Fatalne doniesienia, Polaków czekają przymusowe remonty. Wielkie zmiany w prawie budowlanym
Bardzo złe doniesienia napływają z Brukseli. Jeżeli w życie wejdą zmiany przepisów projektowane przez Brukselę, to gigantyczna liczba mieszkańców Polski będzie musiała przeprowadzić remonty swoich domów. Oficjalnym powodem jest ochrona środowiska.
Wielkie zmiany w prawie budowlanym. Polacy nie będą zachwyceni
Zapowiadane zmiany w prawie budowlanym są co prawda nowością, jednak dokument w którym się znalazły już nią nie jest. Jak bowiem donosi serwis money.pl, chodzi tu o Pakiet “Fit for 55” .
Jak się można łatwo domyślić, w ramach zmian ma zostać wprowadzonych sporo ograniczeń dla sektora budowlanego . Powodem ich wprowadzenia jest z kolei ochrona środowiska poprzez walkę z emisją zanieczyszczeń.
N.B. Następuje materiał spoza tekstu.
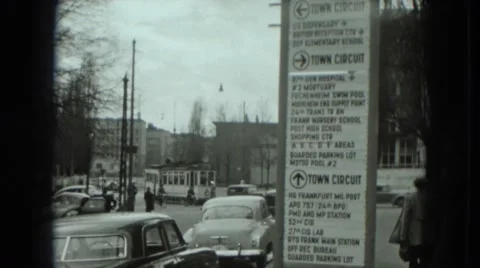 1951: city is seen with tall buildings along coastal area AUSTRIA Stock Footage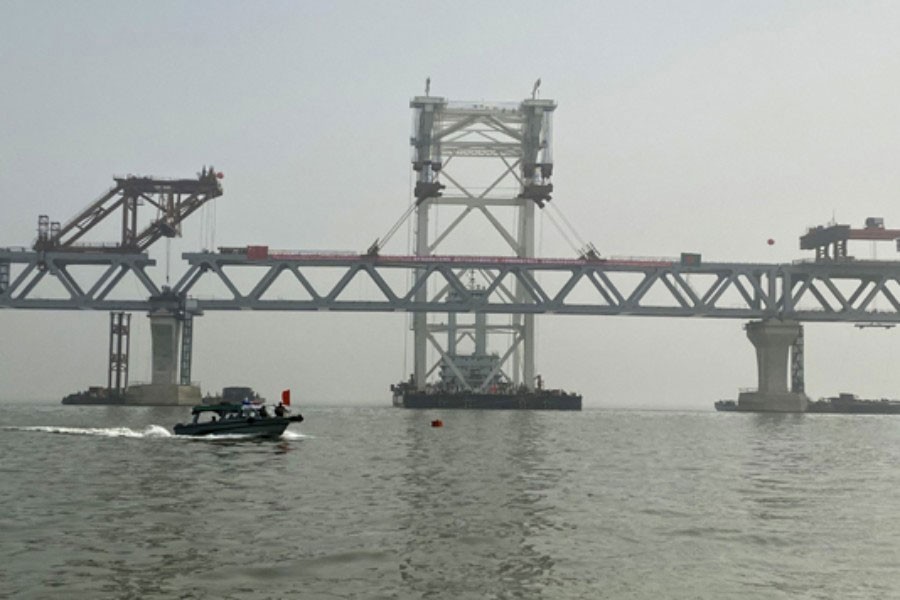 Watching a bridge across Padma   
Według szacunków Dziennika Gazety Prawnej, nowa dyrektywa oznacza modernizację ok . 800 tys. domów jednorodzinnych, co dotknie milionów Polaków . Dyrektywa ma zostać przyjęta jeszcze w I połowie 2024 roku, a termin jej wejścia w życie szacuje się na 2026 rok.
Całkowita bezemisyjność. Wielkie zmiany w prawie budowlanym
Tym razem jednak mowa o sporych rozmiarów rewolucji. Według nowych przepisów, od 2030 roku na terenie Unii Europejskiej będą mogły powstawać jedynie bezemisyjne budynki . Do tego czasu, redukcja emisji w sektorze budowlanym ma być niższa o 60 proc. niż 15 lat wcześniej.
Nie jest to jednak koniec zmian. Po osiągnięciu 2030 roku, zacznie się wyścig z czasem dla właścicieli nieruchomości . Będą oni bowiem musieli zmodernizować wszystkie posiadane budynki poprzez eliminację emisji w 20 lat. Na rok 2050 zaplanowano bowiem najpóźniejsze osiągnięcie pełnej neutralności klimatycznej.
Koniec z kotłami. Będą dopłaty
Oznacza to zatem, że w ciągu najbliższych 26 lat trzeba będzie pożegnać się z kotłami na paliwa kopalne . Od przyszłego roku wsparcie ich zakupu nie będzie już możliwe w ogóle.
Dla właścicieli nieruchomości którzy będą modernizowali budynki, przewidziano wsparcie finansowe . Źródłem pieniędzy będzie Społeczny Fundusz Klimatyczny, Fundusz Odbudowy orz Fundusz Spójności.